Keep in mind, this is only Part One of a, uh, 17-part retrospective.
25) Iron Maiden -- The Number of the Beast: I said, Hello Satan, I believe it's time to rock the house! Bruce Dickinson joins the band to do some lead sings and the band take their horses-galloping-into-the-hills sound to its logical extreme. Generally, if you're going to "do" heavy metal, it's a good idea to catch up on these gents, who subtly influence you to drive faster. I wouldn't be surprised to learn FedEx use this as motivational music. 22 Acacia Avenue gets its packages ahead of schedule, for sure.
24) Prince -- 1999: Everyone, meaning The Beatles, The Rolling Stones, Led Zeppelin, Peter Frampton, Pink Floyd, The Clash and Smashing Pumpkins, knows the importance of releasing double albums. It immediately tells the world you are a major, serious artist and that you are so overflowing with creativity that 45 minutes cannot possibly express your vision for the future. Of course, CDs turned every mediocre schmuck into a 70-minute midnight babbler, but 1999 is before that and it cemented the Prince reputation that had been growing for years. Short rock is in! Only the cold winters prevented Minneapolis from being the place to move to in 1982.
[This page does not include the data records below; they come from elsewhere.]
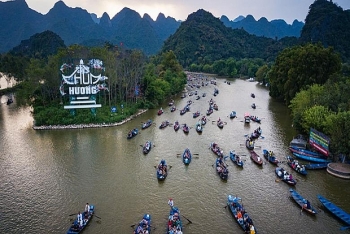 tu 133 chua huong mo cua don khach tro lai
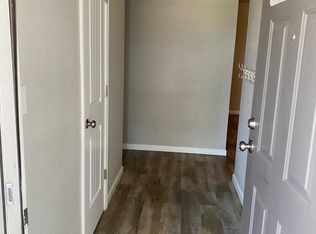 1211 W School St, Claremore, OK 74017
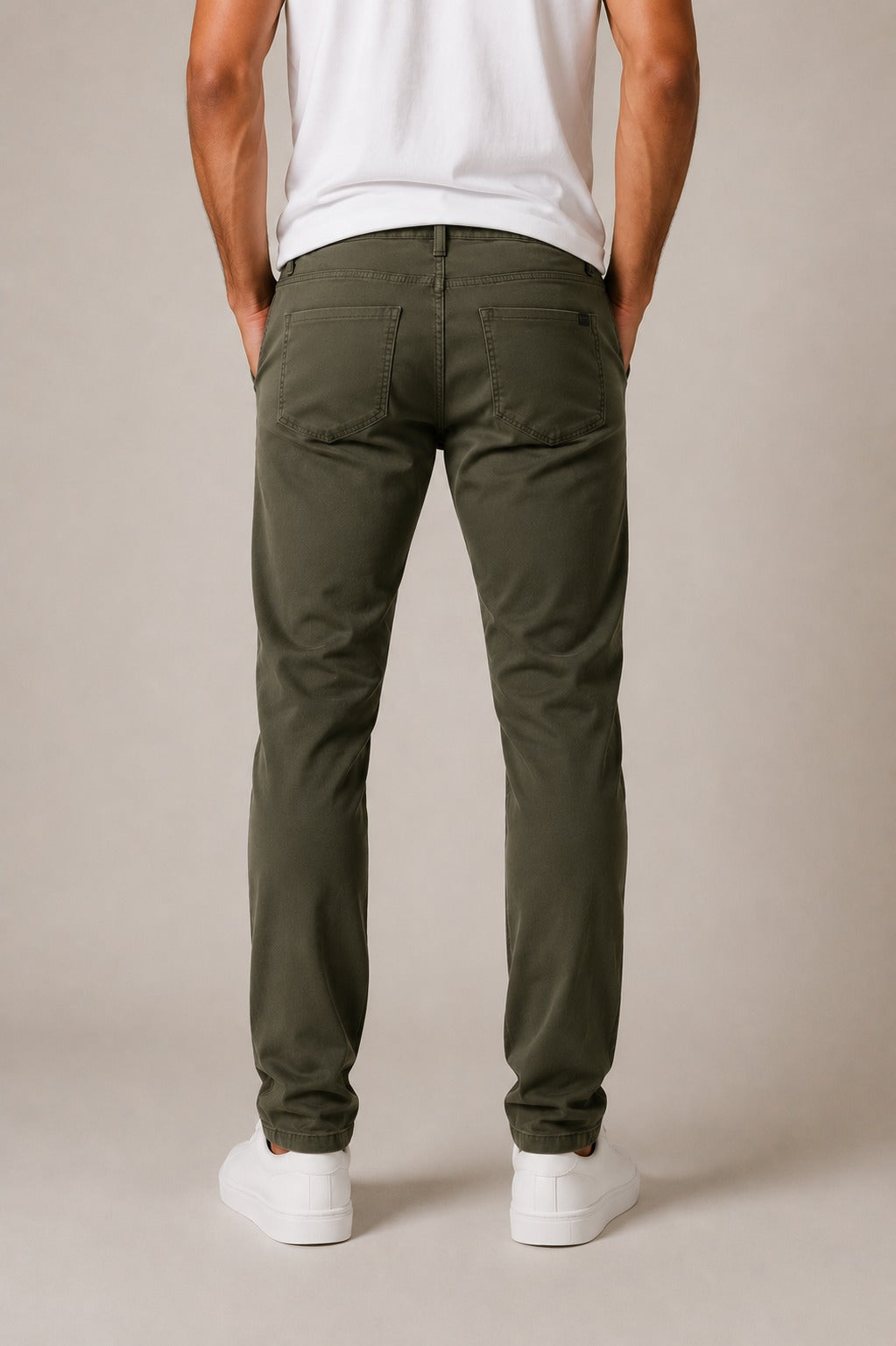 Calça John Jonh Slim London Verde Militar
23) The Gun Club -- Miami: The joy of being in an "underground" band in 1982 was that you knew no one was going to really sign you to a big money contract, so you racked up critical praises and a cult following that allowed you to do exactly what you felt like doing. The production by Blondie's Chris Stein was spare but to the point and his wife, the Deborah Harry, added backing vocals to further the cause of one Jeffrey Lee Pierce. The darkness here is one part Iggy Pop, one part Jim Morrison and one part chronic underemployment. Ain't it fun when you know you're going to die broke!
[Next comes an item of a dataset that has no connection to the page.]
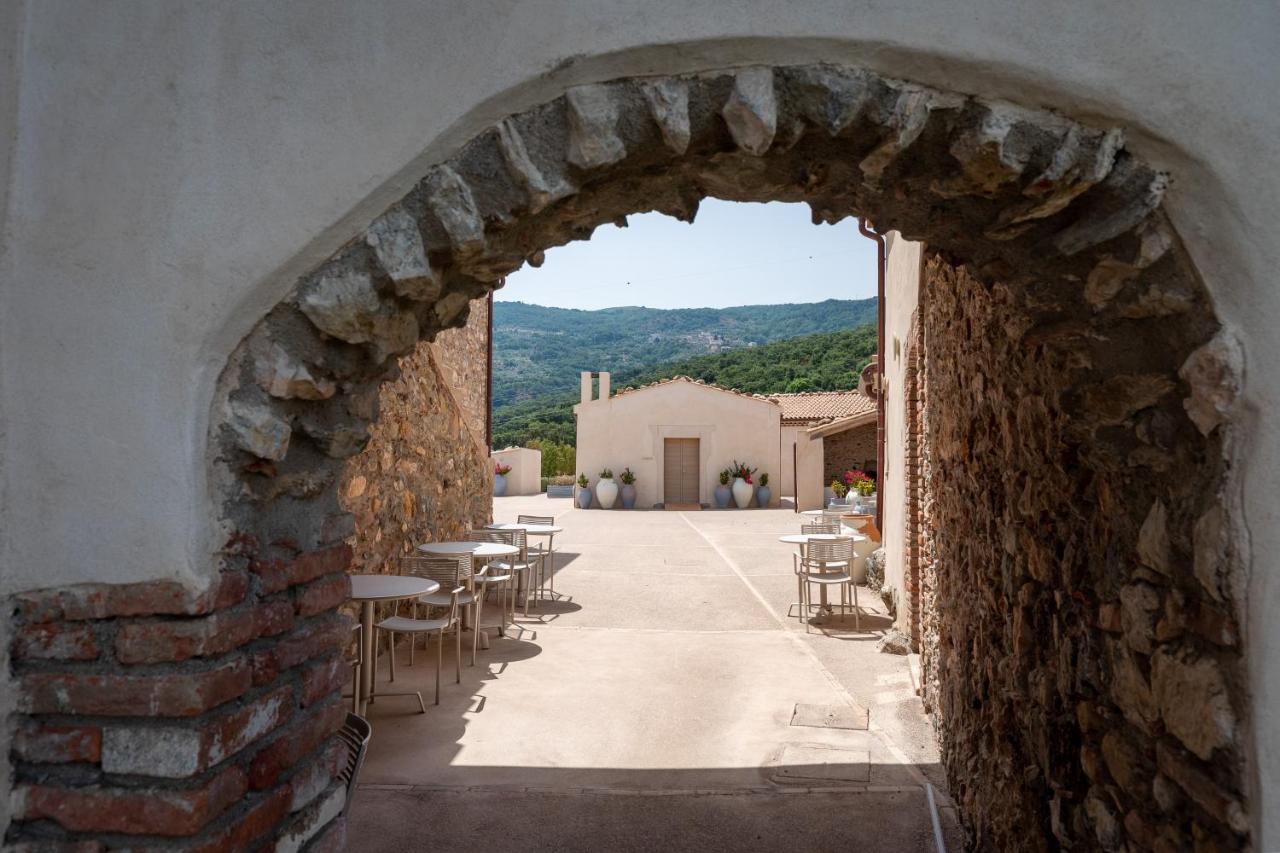 Borgo D'Orlando - Small Country Hotel Mirto  Exterior foto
22) Joe Jackson -- Night and Day: Thanks to the clear accessibility of its two hit singles, "Steppin' Out" and "Breaking Us In Two," Night and Day became Jackson's biggest mainstream success. His decision to abandon the pure pop of his first two albums and to pursue a variety of less accessible styles ensured that he alienated much of his audience. Which didn't seem to trouble Jackson all that much and doesn't bother me at all. I got the GameShow Network now!
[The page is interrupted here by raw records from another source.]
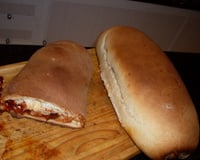 Pão Caseiro com recheio de goiabada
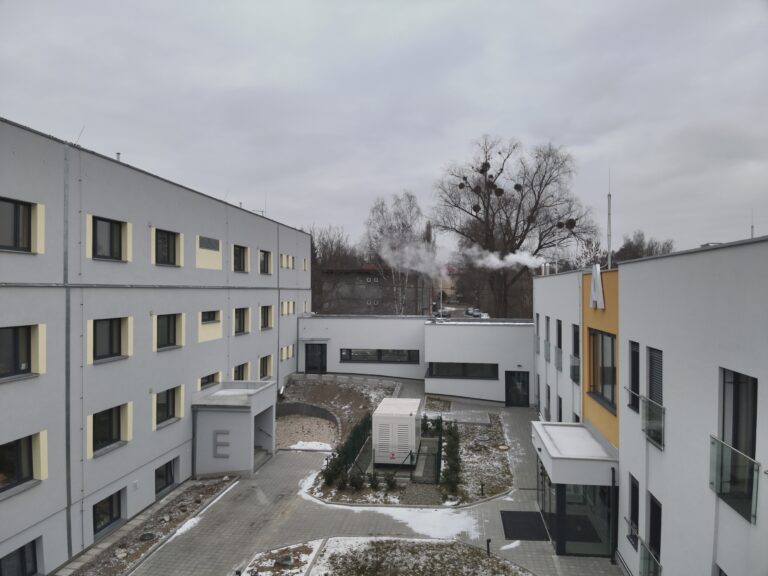 Venkovní proluka mezi pavilony A a E.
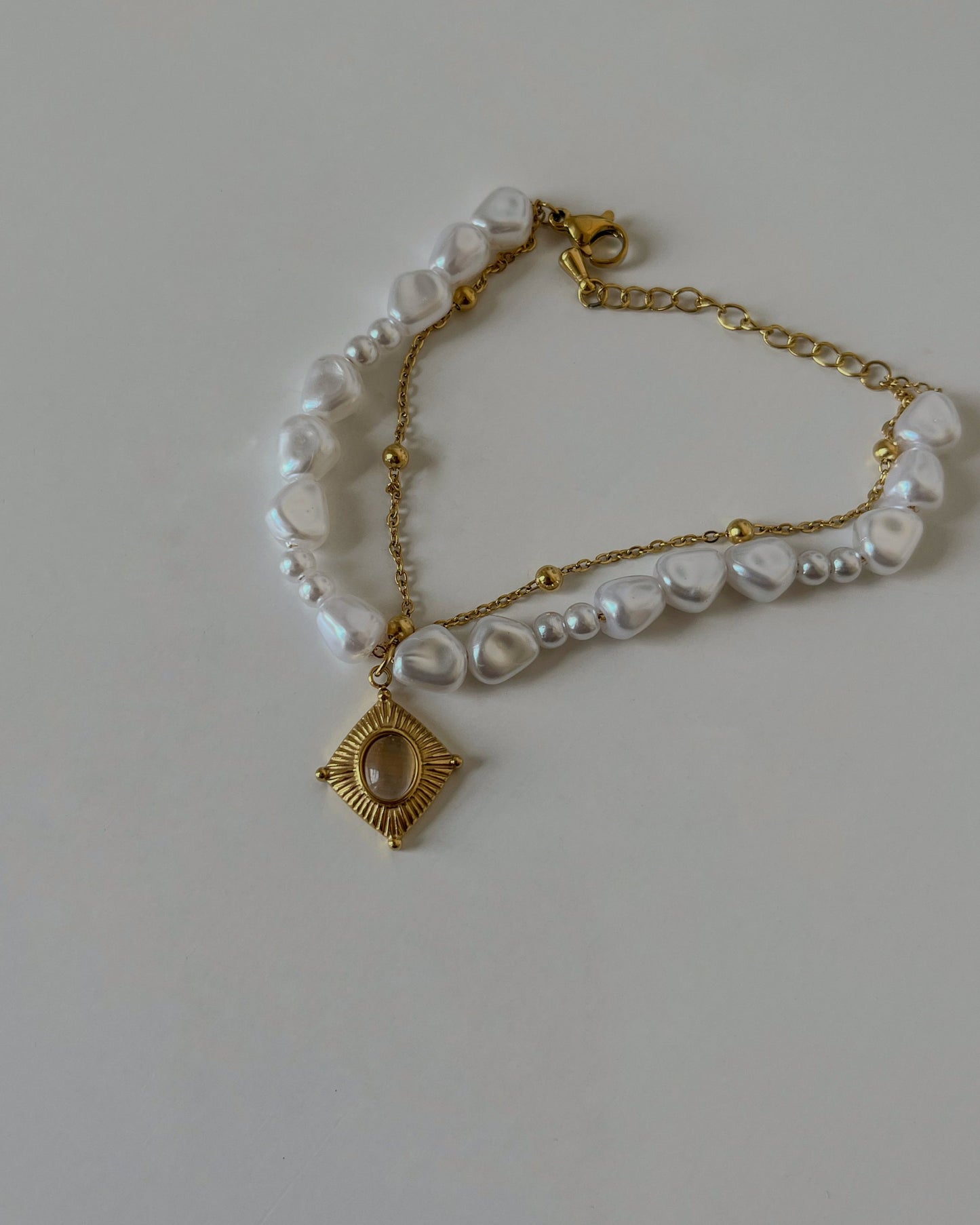 Lustre Pearl Bracelet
21) X -- Under the Big Black Sun: If only X could've had the "punk" tag removed from their resume, the mainstream might've enjoyed their toe-tappers. They were always more cultured than the spitting spiked hair club crowds and with "The Hungry Wolf" they made friends in high places, but simply not enough in the medium-sized and low places to sustain a mega-successful career. They always sounded good on MTV late on Sunday nights.
20) Donald Fagen -- Firefly: What would Donald Fagen sound like without Walter Becker? Pretty much like a modified Steely Dan. It wasn't like his writing was suddenly going to severely alter or he was going to go back-to-basics. If anything, he probably thinks this is back to basics. It's autobiographical and very funny and considered to be the perfect "test disc" for sound engineers everywhere. Sound is important!
19) Rush -- Signals: The increased use of synthesizers had the stoned legions a bit suspicious but then "Subdivisions" kicked in and everyone knew they were singing about their beat, boring suburb! Gone were the 10-minute epics. In their place were hits! Sales of fire hydrants went way up and Hemingway not Rand is referenced. Free market rock! Old men and the sea unite!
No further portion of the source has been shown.